Table 2: Final rust severity (FRS), area under disease progress curve (AUDPC), mean infection rate (r) and average coefficients of infection for three years (i.e. Y1–Y3) of 51 bread wheat varieties along with susceptible control following infection Puccinia striiformis f. sp. tritici

Group 1

Twenty nine (58%) cultivars (code 1 to 29) were susceptible at the seedling stage to both races (Table 1) and expressed different levels of slow rusting in field tests.

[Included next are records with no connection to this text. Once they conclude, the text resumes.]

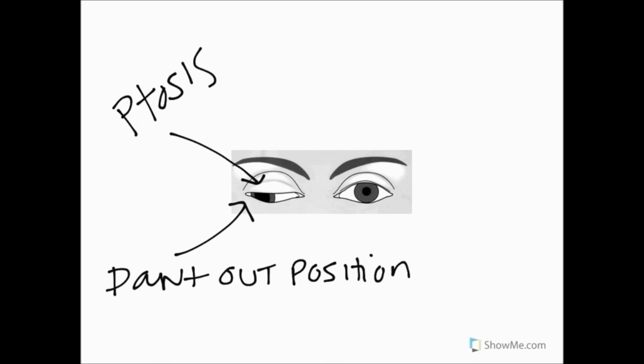The superior oblique is going to depress the eye, it's also going to offer some abduction and it's also going to offer some medial rotation or intorsion so that the eyeball is in a down and out position with the pupil looking down and out.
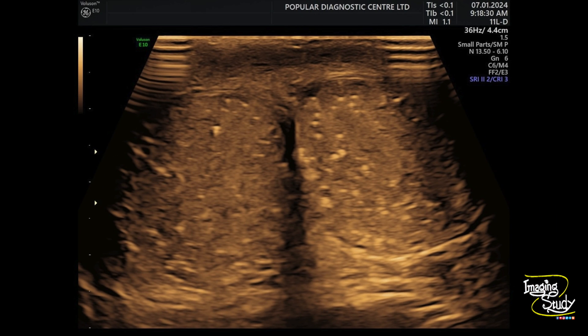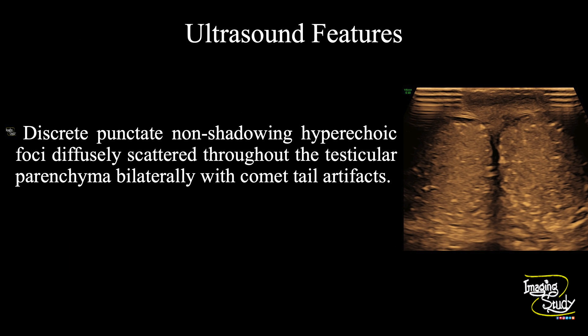Here is the transverse section where you can compare the echogenicity, size, and amount of microlithiasis. In summary, discrete punctate non-shadowing hyperechogenic foci diffusely scattered throughout the testicular parenchyma are seen bilaterally with comet tail artifacts, indicating a case of diffuse testicular microlithiasis.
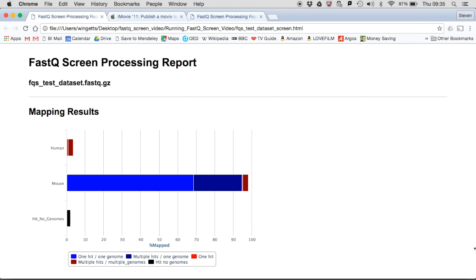That's it — I hope that walkthrough of FastQScreen was helpful. There is another video where I discuss how to interpret the FastQScreen summary results. There are many other options available in FastQScreen, such as the ability to screen bisulphite libraries, or to filter datasets to extract only reads that you're interested in, and a range of other features. How to do this is fully described in the documentation found within the FastQScreen archive. If you have any queries, please feel free to contact me.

Cultivars from this group had 16-104%, 1-75% and 16-74% values of FRS, AUDPC and r respectively when compared with the susceptible control Morocco. Over year values of FRS were statistically similar in five (code 1 to 5), three (code 6 to 8), nine (code 9 to 17) and five (code 22 to 26) cultivars of group 1. The least FRS of 11% was recorded in cultivar with code 29 which was followed by code 27 (18%) and code 21 (26%) respectively. The pattern of AUDPC over years was not consistent with FRS among group 1 cultivars. The highest and lowest mean AUDPC values of 1067 and 19 were estimated for code 1 and code 29 cultivars respectively. Both code 16 and 17 cultivars had the same AUDPC value of 559. Five varieties (code 9, 15, 18, 19, and 20) had AUDPC values of 751, 576, 526, 501 and 450 respectively. AUDPC values < 350 were estimated for code 21 to 28 varieties. Maximum value of r (0.14) was estimated for both code 2 and 4 cultivars which was statistically non-significant from five cultivars belonging to code 1, 3, 5, 7 and 13. No significant difference was observed in r values of sixteen cultivars belonging to code 6, 8, 9, 10, 11, 12, 14, 15, 16, 17, 18, 19, 20, 21, 22, and 24. The lowest values of r were recorded in four cultivars (code 25, 26, 28 and 29) which were statistically non-significant among themselves. The ACI values of group 1 cultivars over years varied between 3-47 (Table 2).

Nine replications (3 each year) were used to evaluate the presence or absence of LTN symptoms (Table 1). Ten cultivars in this group expressed LTN in six or more of the replications and were therefore considered positive for LTN while in the remaining cultivars it was less frequent and was not observed in three cultivars. Molecular analyses with marker csLV34 amplified two alleles one of 150 bp size tightly linked with resistance gene Yr18 and another 230 bp size, not associated with resistance (Figure 1). Ten cultivars with codes 6, 9, 15, 16, 17, 19, 21, 24, 25 and 26 carried marker allele of 150 bp indicative of the presence of Yr18 in these cultivars. Only code 29 cultivar did not express LTN, but it did have the marker for Yr18. AMMI analysis extracted values of the genotype x year interaction for principal component axis scores (PC-1 and PC-2) along with their % contribution in respect of the varieties under test over three years are graphically presented in four biplots (Figures 2a-2d). Group 1 varieties (i.e. code 1 to 29) for the four parameters in AMMI biplots indicated their sensitivity to the environmental interaction due to their occurrence away from the center of the biplot over three years except (code-5, 15, 17 and 21) which demonstrated an overall relative stability pattern due to their position near the origin.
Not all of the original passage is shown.